It is clear that the extent of Royal influence in Cornwall (particularly through the Duchy) was a factor in the creation of so many new boroughs here in the Tudor period, and it is often assumed that the purpose was simply to allow the Commons to be packed with Royal or at least court nominees. If so, the policy was a failure. As Sir John Neale pointed out, far from the new boroughs consistently returning government supporters they frequently returned quite the opposite. The explanation can probably be found in the way that most new boroughs arose at this period, as a result of a petition from the town in question receiving support from some figure with sufficient influence at court to secure its acceptance. No doubt many of these petitions were initiated by the patrons themselves, in full (and justified) expectation of being able to sway the elections should the borough be enfranchised.

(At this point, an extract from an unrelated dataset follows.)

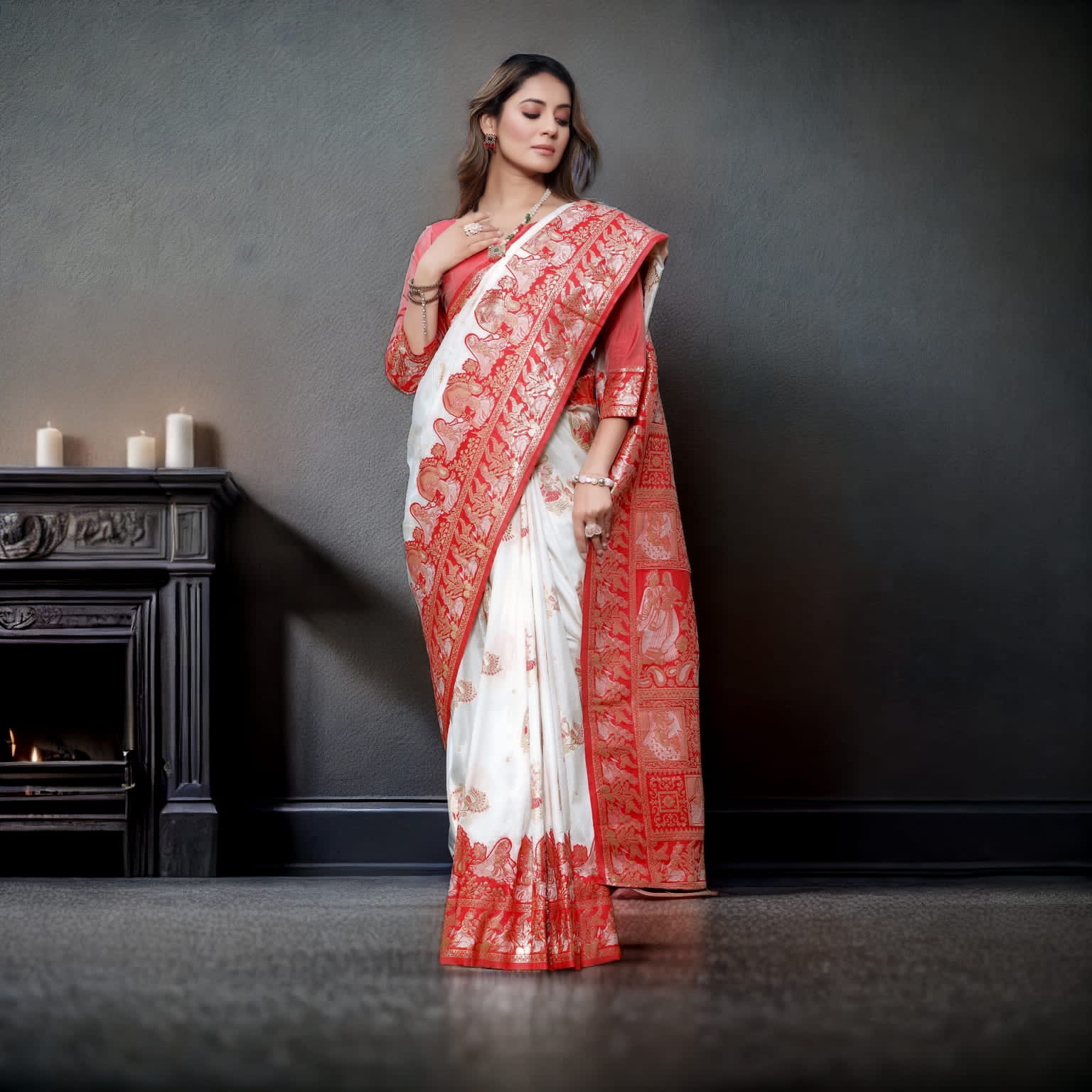 Floral Print Saree with Contrast Border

The extent of Royal influence in Cornwall may therefore only have been a factor in the sense that it explains why it was the natural place for a disproportionate number of influential courtiers to set up proprietary boroughs.

Nevertheless, it is certainly true that in later years the Cornish rotten boroughs provided a reliable source of safe seats for the Duchy to such an extent that they were affectionately known as the 'Prince's Party' - although in the 18th century, when the Prince of Wales was sometimes at odds with the administration, this did not always translate into safe government seats. Parallels have been drawn with the medieval Cornish Stannary Parliament, which was the Cornish parliament of 'tinners at large'. With the advent of the Duchy of Cornwall in 1337, the tinners at large were ousted in favour of Duchy 'yes' men with the result that the Government of Cornwall controlled the Cornish Parliament.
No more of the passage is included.